**Your task:** Copy all lines below exactly as written. Leave pictures out.

**Collected data:**
^^^^^^^^

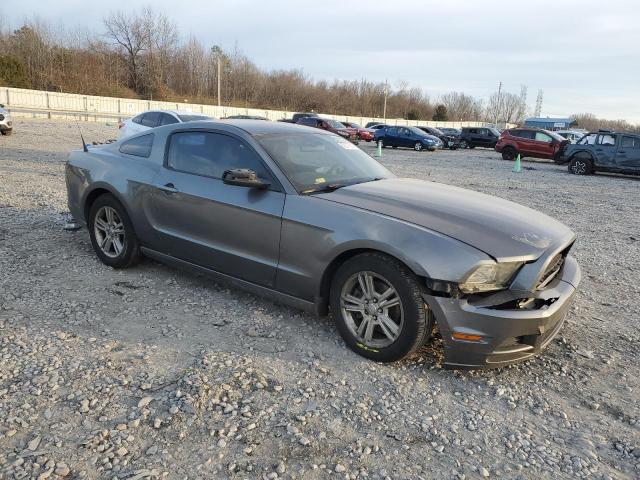 1ZVBP8AM0E5318907 - 2014 FORD MUSTANG GRAY photo 4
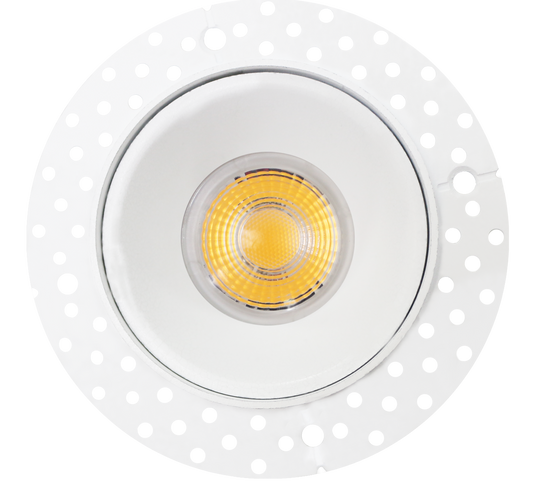 2” HO Round Trimless Luminaire (White)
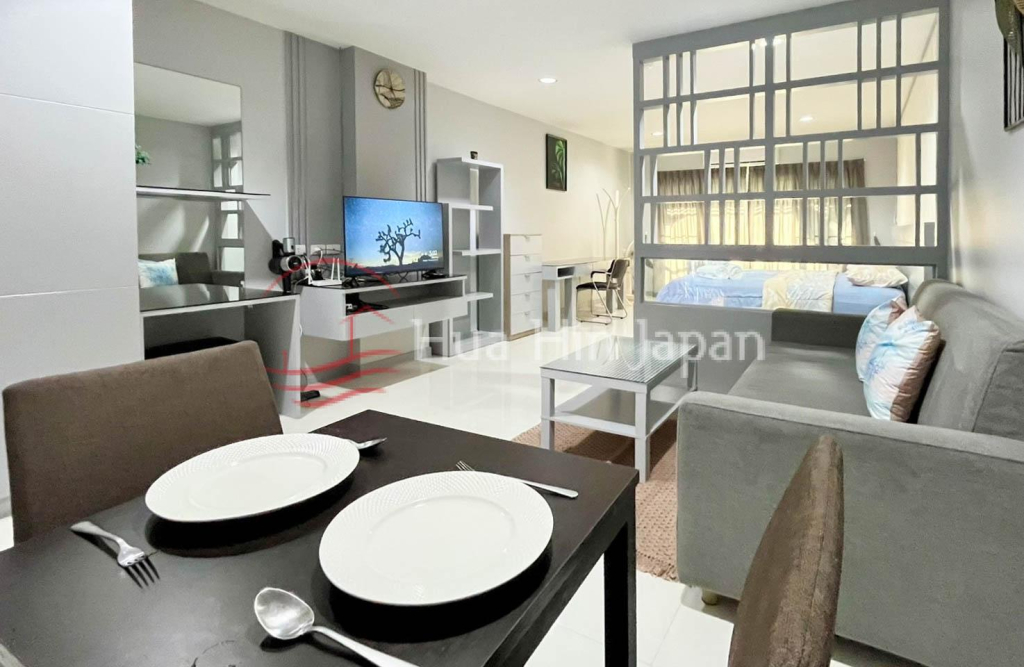 Good size studio unit at Baan Klang condominium For Sale - Hua Hin - photo 11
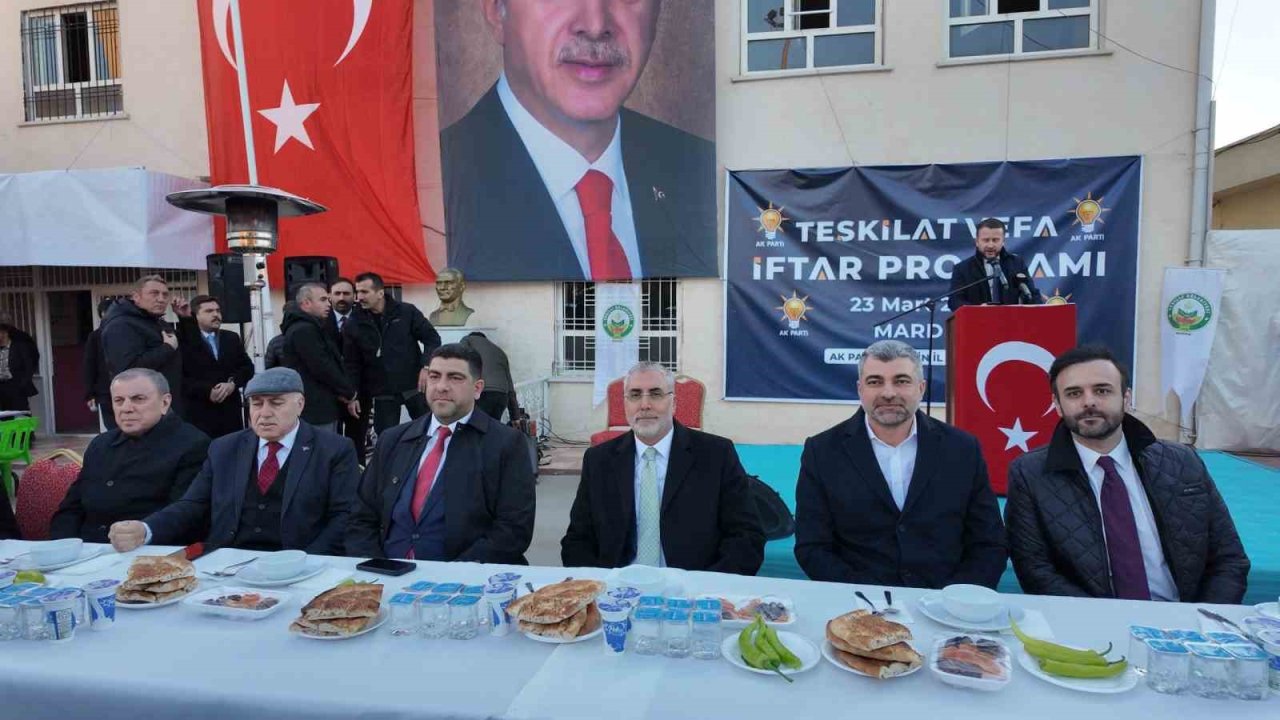 Bakan Işıkhan Mardin’de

^^^^^^^^

**Expected output:**
 1ZVBP8AM0E5318907 - 2014 FORD MUSTANG GRAY photo 4
 2” HO Round Trimless Luminaire (White)
 Good size studio unit at Baan Klang condominium For Sale - Hua Hin - photo 11
 Bakan Işıkhan Mardin’de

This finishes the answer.